Earlier this month, the Taoiseach said he supported school students going on strike.

Image: Sam Boal

Christina Finn reporting from Chicago

TAOISEACH LEO VARADKAR has said the huge turnout by students at the Climate Change protest in Dublin is to be welcomed. 

Today, thousands of second level students swapped the classroom for the streets to  demonstrate against government inaction on climate change.

The marches in Dublin and Cork this afternoon form part of a global movement initiated by 16-year-old schoolgirl Greta Thunberg, who began protesting outside Swedish Parliament last August.

There are over 1,000 similar marches taking place worldwide today.

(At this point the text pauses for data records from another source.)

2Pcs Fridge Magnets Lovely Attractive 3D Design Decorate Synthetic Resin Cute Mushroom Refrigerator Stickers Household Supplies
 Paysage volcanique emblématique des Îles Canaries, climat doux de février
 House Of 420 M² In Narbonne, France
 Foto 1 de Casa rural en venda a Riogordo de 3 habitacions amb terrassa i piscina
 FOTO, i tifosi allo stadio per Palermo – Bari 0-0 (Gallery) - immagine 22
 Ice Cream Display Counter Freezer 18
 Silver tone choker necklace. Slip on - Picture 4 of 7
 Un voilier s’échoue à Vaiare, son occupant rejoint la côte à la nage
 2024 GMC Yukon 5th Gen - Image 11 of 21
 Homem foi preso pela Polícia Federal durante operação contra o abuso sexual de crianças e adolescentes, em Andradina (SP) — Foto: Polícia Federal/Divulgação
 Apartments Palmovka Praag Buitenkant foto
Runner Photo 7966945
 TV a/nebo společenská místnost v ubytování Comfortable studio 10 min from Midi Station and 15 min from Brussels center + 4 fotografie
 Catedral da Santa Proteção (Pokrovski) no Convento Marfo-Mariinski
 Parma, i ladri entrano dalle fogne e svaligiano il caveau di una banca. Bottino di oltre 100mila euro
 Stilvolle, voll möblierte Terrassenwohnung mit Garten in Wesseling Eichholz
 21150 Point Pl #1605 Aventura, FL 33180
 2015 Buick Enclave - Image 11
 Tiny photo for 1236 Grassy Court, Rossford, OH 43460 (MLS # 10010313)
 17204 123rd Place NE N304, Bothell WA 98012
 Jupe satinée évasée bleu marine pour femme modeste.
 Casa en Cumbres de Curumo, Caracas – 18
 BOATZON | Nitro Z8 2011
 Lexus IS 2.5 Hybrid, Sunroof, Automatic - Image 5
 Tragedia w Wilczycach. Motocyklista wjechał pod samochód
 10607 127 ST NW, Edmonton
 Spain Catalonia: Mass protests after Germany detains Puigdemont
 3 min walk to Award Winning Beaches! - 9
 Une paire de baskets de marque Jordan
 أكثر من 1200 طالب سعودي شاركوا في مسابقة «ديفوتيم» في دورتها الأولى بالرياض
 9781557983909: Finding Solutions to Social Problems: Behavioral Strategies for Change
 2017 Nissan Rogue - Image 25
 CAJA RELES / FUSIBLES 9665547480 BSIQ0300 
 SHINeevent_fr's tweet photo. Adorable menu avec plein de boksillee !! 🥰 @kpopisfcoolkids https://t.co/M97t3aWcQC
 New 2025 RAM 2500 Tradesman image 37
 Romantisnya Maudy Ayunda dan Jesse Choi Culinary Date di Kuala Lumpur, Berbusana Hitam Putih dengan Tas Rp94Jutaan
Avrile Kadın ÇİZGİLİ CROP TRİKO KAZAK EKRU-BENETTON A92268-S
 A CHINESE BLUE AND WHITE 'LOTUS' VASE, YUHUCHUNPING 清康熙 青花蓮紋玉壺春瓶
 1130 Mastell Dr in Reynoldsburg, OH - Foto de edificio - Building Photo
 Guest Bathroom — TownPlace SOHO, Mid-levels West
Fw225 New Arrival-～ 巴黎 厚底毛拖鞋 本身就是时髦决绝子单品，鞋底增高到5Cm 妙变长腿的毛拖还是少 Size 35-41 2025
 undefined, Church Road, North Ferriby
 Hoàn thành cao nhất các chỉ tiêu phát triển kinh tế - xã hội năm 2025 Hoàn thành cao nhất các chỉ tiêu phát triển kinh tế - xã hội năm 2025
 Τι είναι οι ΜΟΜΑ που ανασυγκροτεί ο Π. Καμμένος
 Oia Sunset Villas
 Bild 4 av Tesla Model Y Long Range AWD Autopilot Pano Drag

Thousands gathered near Dublin’s St Stephen’s Green just after midday before marching on to Leinster House.

Protests

In Chicago this evening, Varadkar told TheJournal.ie:

“I think the protests were really welcome. It is inspiring that school children and students are getting politically active and are taking on the issue of climate change and they are really putting it up to us, as adults, and as political leaders to do a lot more to tackle this climate emergency, and make sure we pass on to them a better planet than we found it.

“So we get the message, we hear it loud and clear. We will be doing a lot more in the years ahead with our cross-government climate action plan to deal with the issue.”

Earlier this month, the Taoiseach said he supported school students going on strike, stating that he would listen to the concerns of students. 

Ireland’s environmental woes have been well documented, with the country well on course to miss vital emissions targets and face hefty fines. 

Varadkar previously said that the children taking part in the protests are “telling all the adults in all parties to get our act together and to do more about climate change because it is their future that is in jeopardy”.

That is why I support what they are doing and why we all must listen to what they are saying.

More to do

The Taoiseach defended the government’s record, but admitted that more needs to be done.

He said there has been a real development in renewable energy in Ireland, with over 30% of the country’s energy now coming from wind.

“We will expand that in the coming years,” he said, pointing out that Moneypoint is going off coal.

“Electric cars are really taking off, we need to put in the charging points. There are a lot of other things we need to do there is not one solution to climate change but a lot of things put together, we can do it and as well as that there is potentially economic opportunities in it as well, creating future jobs, jobs for future.”

The Taoiseach was recently asked what he was doing to reduce his carbon footprint, he said he is trying to eat less meat.

“I am trying to eat less meat, both for health reasons and for reasons of climate change. But I imagine given the amount of travel I do I am probably not the best example,” he said.

However, he said the government and its ministers should “lead by example” adding that the government owns a lot of vehicles and rolling out more hybrid and electric cars in the fleet should be looked at in the future.

Farmers and many rural TDs were unhappy with his comments stating that he should be heralding Irish beef. 

The Taoiseach failed to answer what other actions he was personally taking to reduce his carbon footprint. When asked if had reflected on what else he could do, other than reducing his meat intake, he said he had not.